## WHAT TO WORK ON
Set down, word for word, every line of the material below from the one containing "Canadian Securities Course Volume 2 Textbook" through the one containing "Waterproof Socks Moisture-absorbing", but none of its pictures.
———
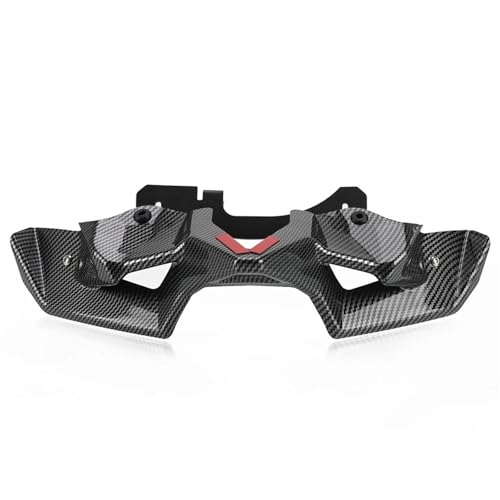 ZRHYRG Pare-Chocs Avant Convient pour Kawasaki Z900 Z 900 2020-2025 Z900 Accessoires de Moto aileron Avant aileron aérodynamique aileron Pare Chocs Aileron(Carbon Fiber)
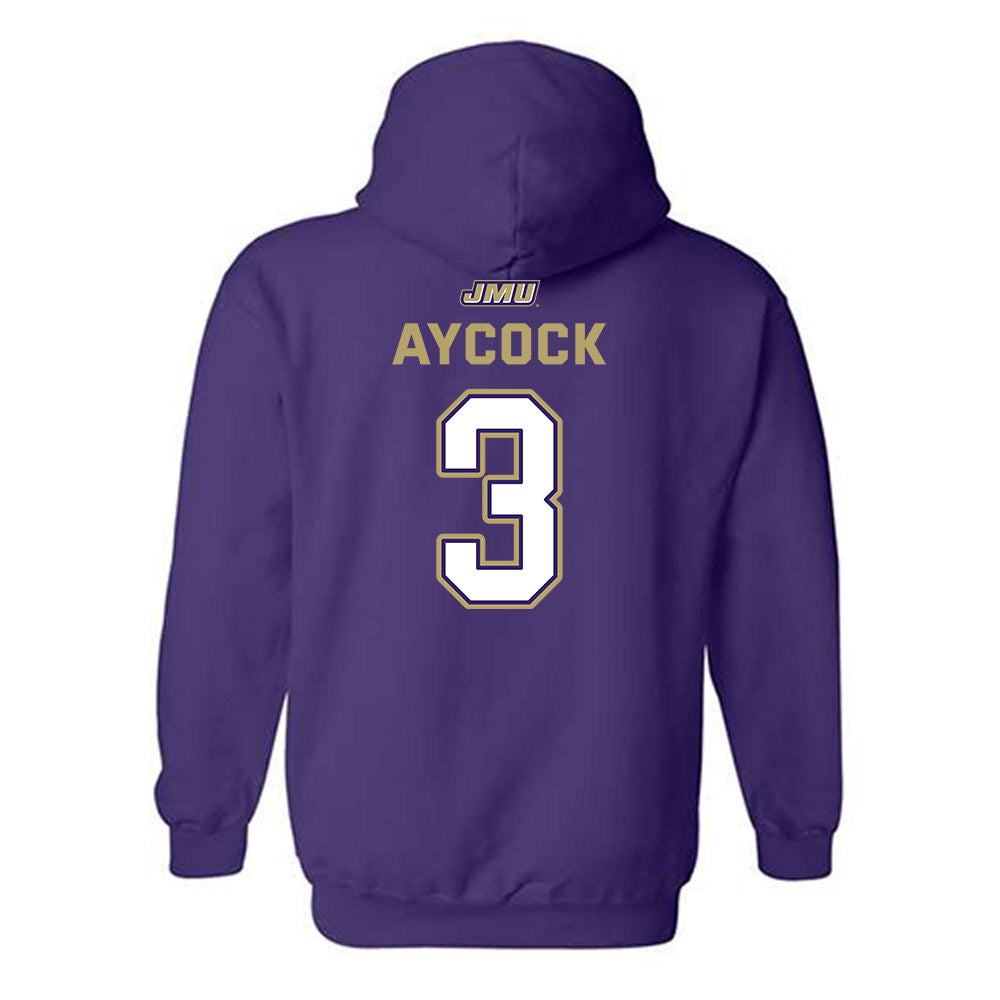 JMU - NCAA Baseball : Cameron Aycock - Hooded Sweatshirt-1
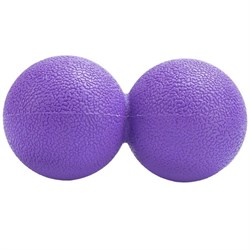 MFR-2 Мяч для МФР двойной 2х65мм (фиолетовый) (D34411) - фото 114319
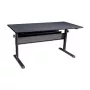 Thermaltake Level 20 Battle Station Gaming Desk – Estructura de acero en Z, superficie de MDF con fibra de carbono, capacidad 100kg, negra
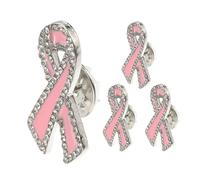 MUELODSIC 4 Pezzi Spille Awareness Breast Cancer e World Aids Day Spilletta con Nastro Rosso e Strass Accessori Moda Multifunzionali per Donna e Sensibilizzazione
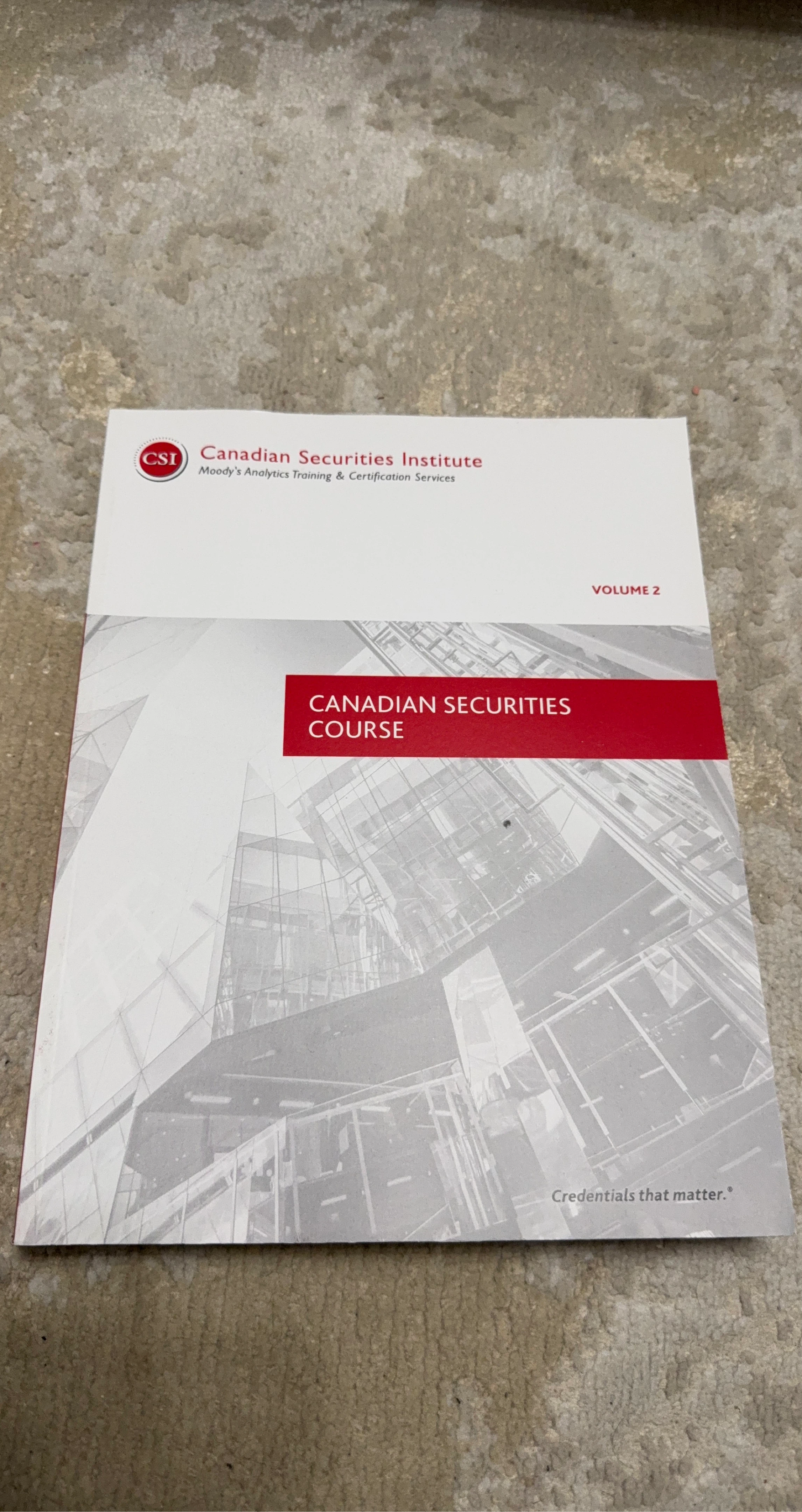 Canadian Securities Course Volume 2 Textbook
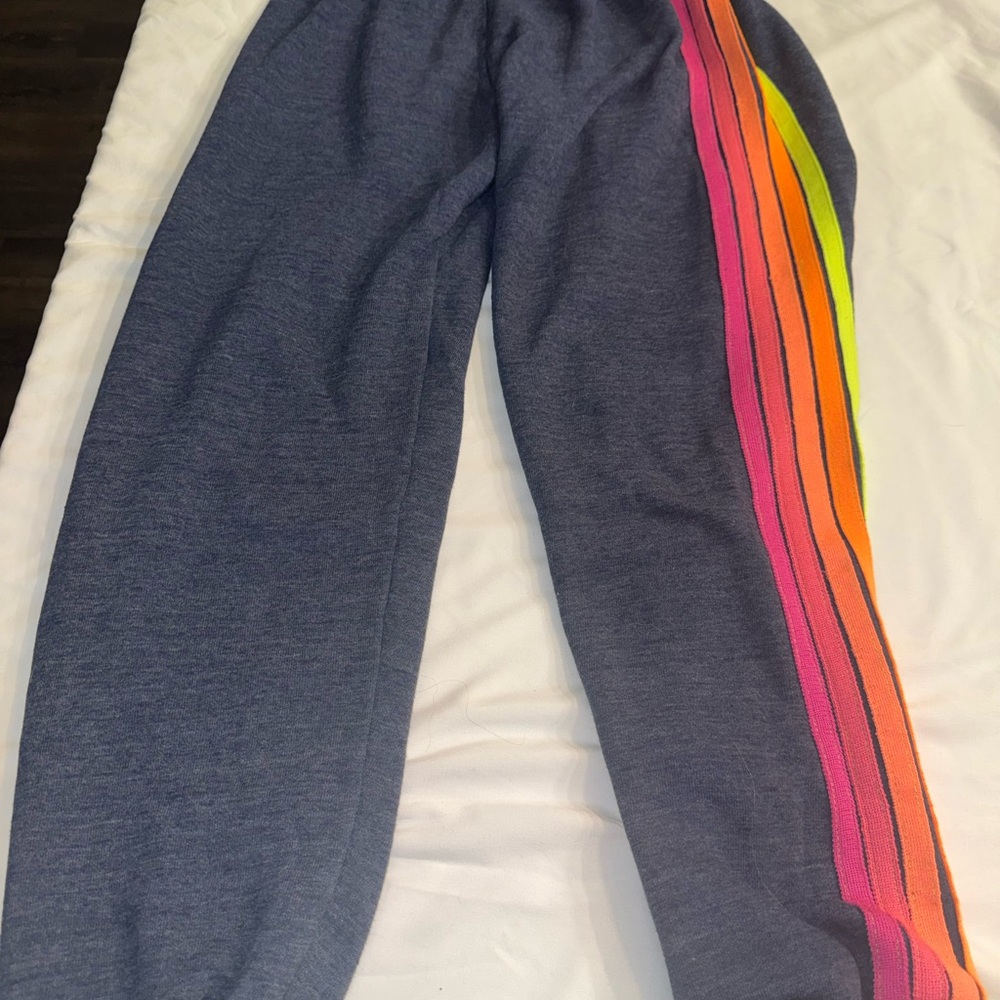 Aviator Nation Joggers with Vibrant Stripes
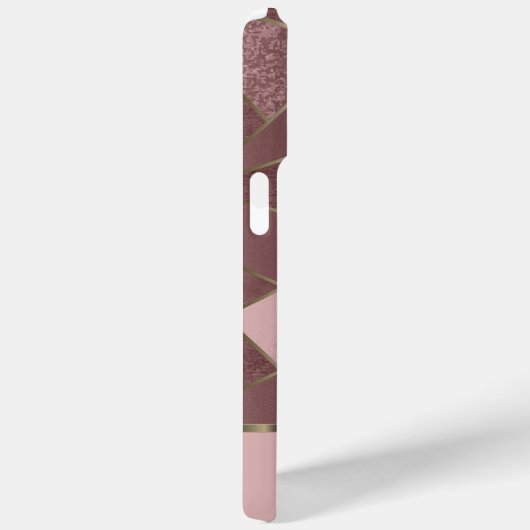 Abstract roze en Roos Gold Design Case-Mate iPhone Case (Achterkant / Rechts)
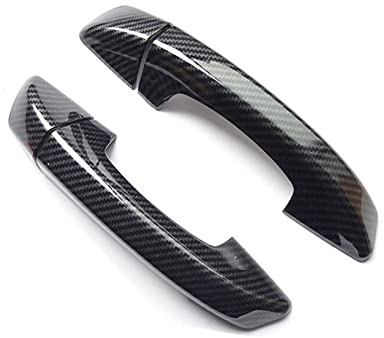 Auto Türgriff Türgriffabdeckung Für VW Für Scirocco 3 Mk3 2008-2015 Autozubehör Neue Kohlefaser Chrom Auto Seitentürgriff Abdeckung Trim Styling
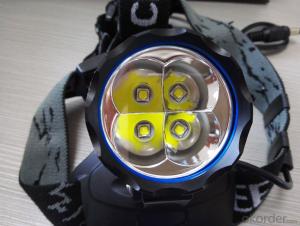 Led Headlamp 4x18650 4400mAh 1200 Lumens Waterproof rechargeable for Bicycle System 1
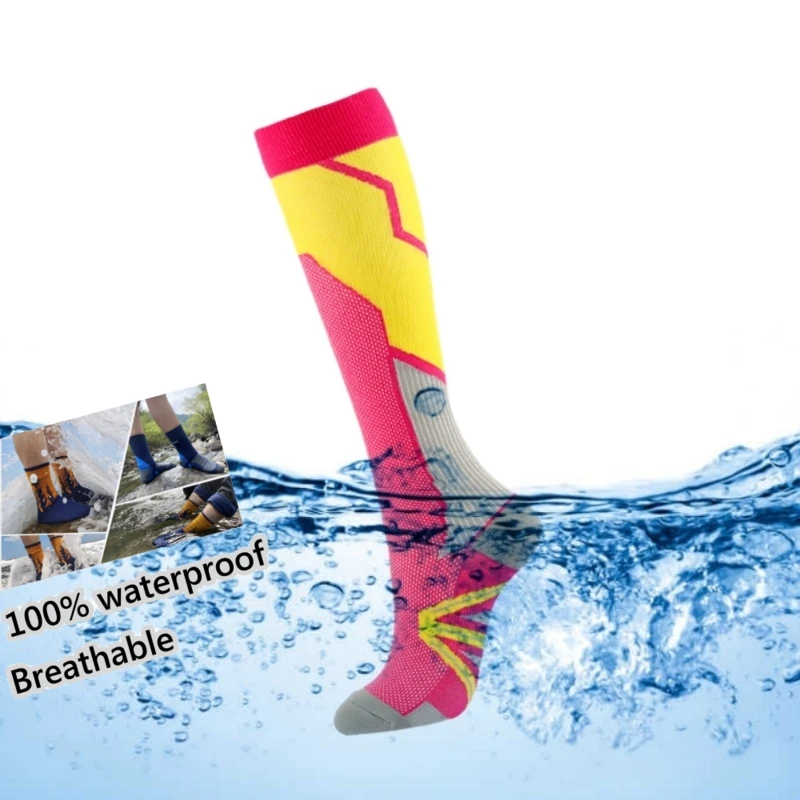 

Waterproof Socks Moisture-absorbing Breathable Sweat-wicking Skiing Hiking Cycling Camping Unisex Outdoor Sports Socks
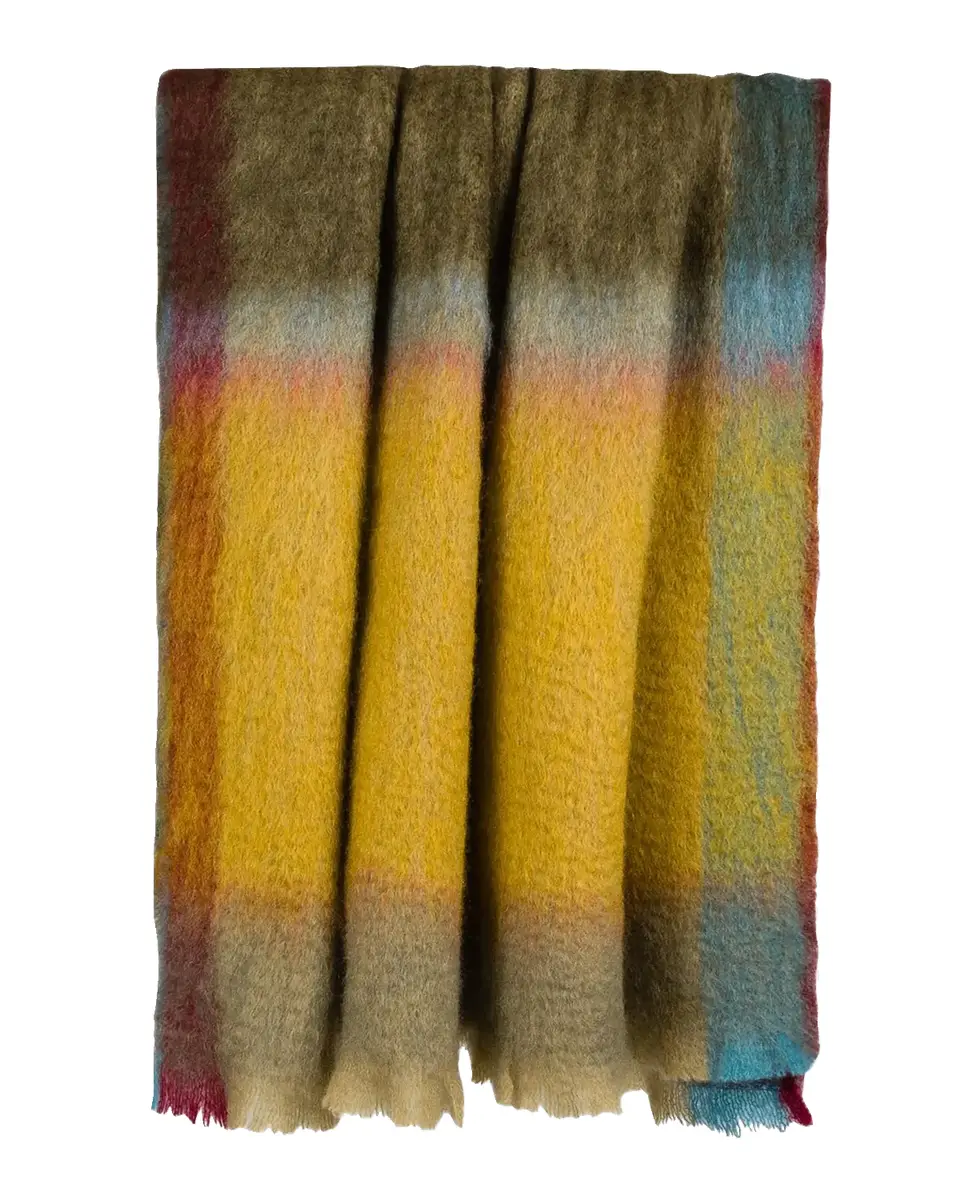 Mantas Ezcaray Rozco Mohair-Blend Throw, 51" x 79" | Thumbnail 2 Mantas Ezcaray Rozco Mohair-Blend Throw, 51" x 79" | Thumbnail 2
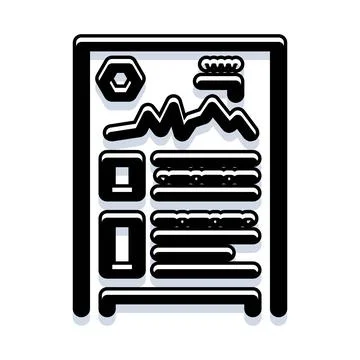 Business report document analysis data infographic icon Illustrazione stock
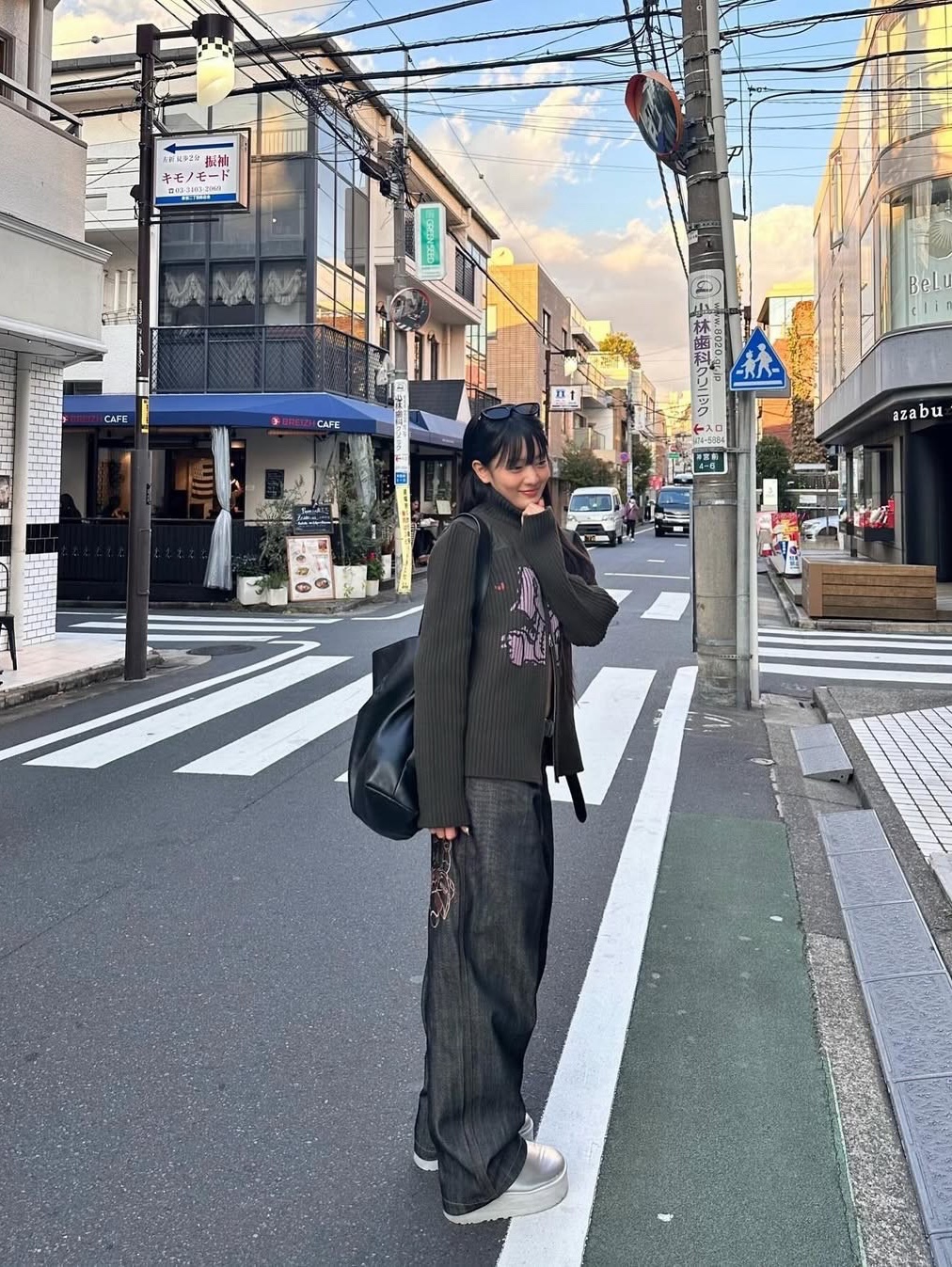 Cotchs Bunny Kint Zip Up, Cotchs Galaxy Denim Pants 착용 스타일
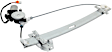 Front and Rear, Driver and Passenger Side Power Window Regulator, With Motor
———
## ANSWER FOR THE TASK
 Canadian Securities Course Volume 2 Textbook
 Aviator Nation Joggers with Vibrant Stripes
 Abstract roze en Roos Gold Design Case-Mate iPhone Case (Achterkant / Rechts)
 Auto Türgriff Türgriffabdeckung Für VW Für Scirocco 3 Mk3 2008-2015 Autozubehör Neue Kohlefaser Chrom Auto Seitentürgriff Abdeckung Trim Styling
 Led Headlamp 4x18650 4400mAh 1200 Lumens Waterproof rechargeable for Bicycle System 1

Waterproof Socks Moisture-absorbing Breathable Sweat-wicking Skiing Hiking Cycling Camping Unisex Outdoor Sports Socks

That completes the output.